This repository contains the scripts to:
- Generate CSV files with information to analyze from webdevdata.org
- Generate reports using such CSVs in Markdown
You must point make
to the right path to find the webdevdata.org
data to analyse. This is done with the following:
WEBDEVDATA_DIR
(default: webdevdata-latest): Directory containing the information from webdevdata.org
You can do two things:
- Set
WEBDEVDATA_DIR
when running make. e.g.:make WEBDEVDATA_DIR=~/Downloads/webdevdata.org-2013-10-30-231036
- Link to the default
WEBDEVDATA_DIR
. e.g.:ln -s ~/Downloads/webdevdata.org-2013-10-30-231036 webdevdata-latest
We generate CSV files with data from webdevdata.org in order to analise the information.
Scripts can be found in the csv_generators
direcotry.
Running make csvs
will run each script in the directory and store
the output in a CSV file inside the csv_out
directory.
We generate Markdown (.md extension) files with data from webdevdata.org in order to analise the information.
Scripts can be found in the report_generators
direcotry.
Running make
will run each script in the directory and store
the output in a Markdown file inside the output
directory.
We try to keep project dependencies to a minimum. Current dependencies are:
- webdevdata-tools to generate CSVs
- csvkit to process CSV files since it handles things such as
CSV rows that take more than one line in the CSV files due to
\n
characters in quoted values - GNU/Parallel to assist generating CSVs from data
Other command-line tools that are used and are most probably already
available in your system such as: sort
, make
, awk
, grep
and iconv
.
This setup consists mainly of:
- shell scripts to generate CSVs and reports: the reason being that scripts can be re-run to generate new reports when new data is published in webdevdata.org.

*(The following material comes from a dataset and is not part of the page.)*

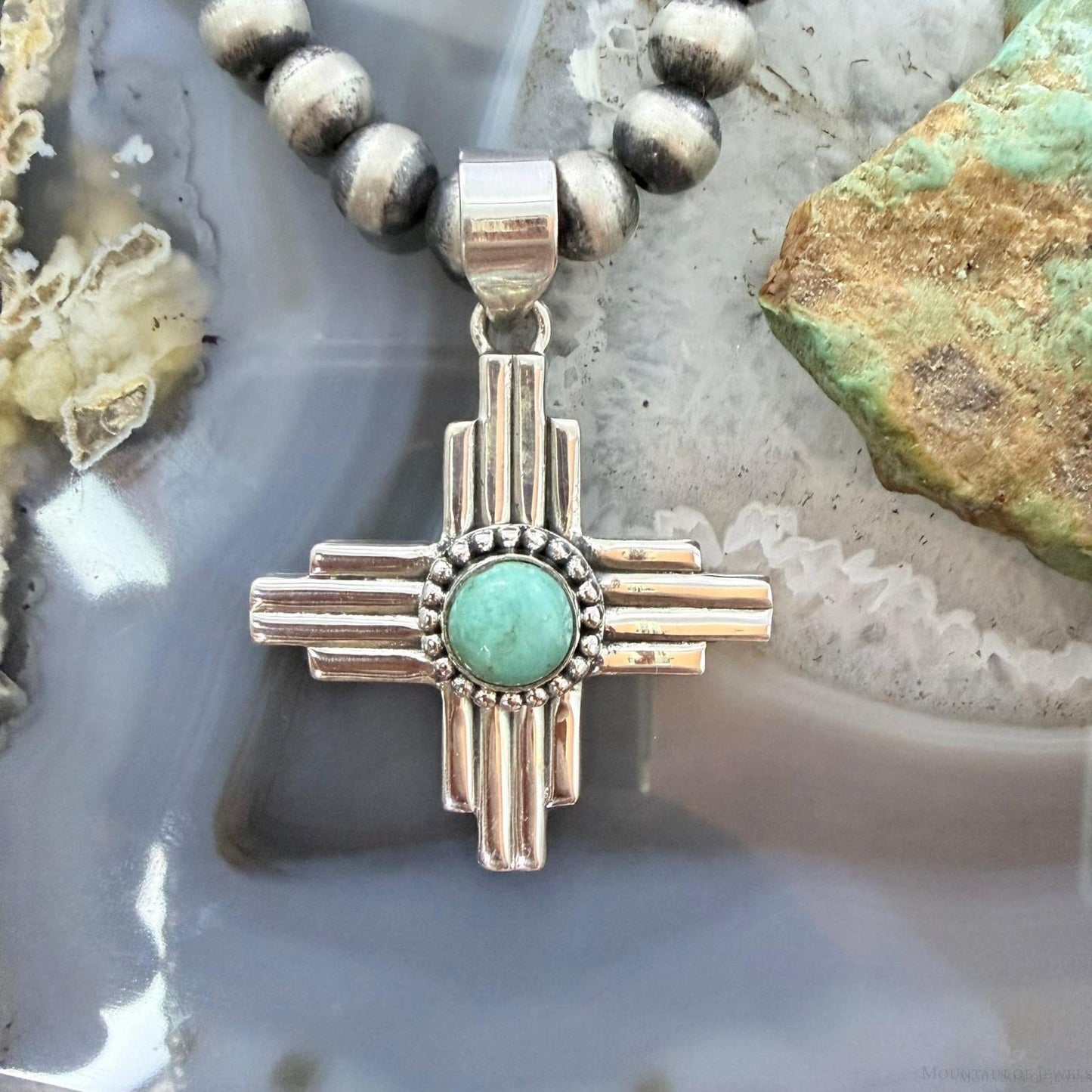 Sterling Silver Southwestern Style Teardrop Mohave Turquoise Unisex Zia Pendant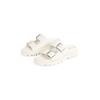 Pantolette TOMMY JEANS "TJW DOUBLE STRAP SANDAL", Damen, Gr. 42, weiß (ivory), Leder, modisch, Schuhe, Plateau, Sommerschuh, Schlüpfschuh mit zwei verstellbaren Schnallen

- Using a Makefile: this way we just need to run one single command to
generate the reports and when developing the scripts, we can run
make
to regenerate only CVS and Markdown for which the generator file has changed.
- HTMLs from webdevdata.org use a mix of character encodings. This
results in a mix of character encodings used in the CSVs, which
cannot be processed by some tools that require UTF8 such as
the csvkit tools. To get around that we are using
iconv
to get a consistent UTF8 file, but it means some characters in other encodings are lost.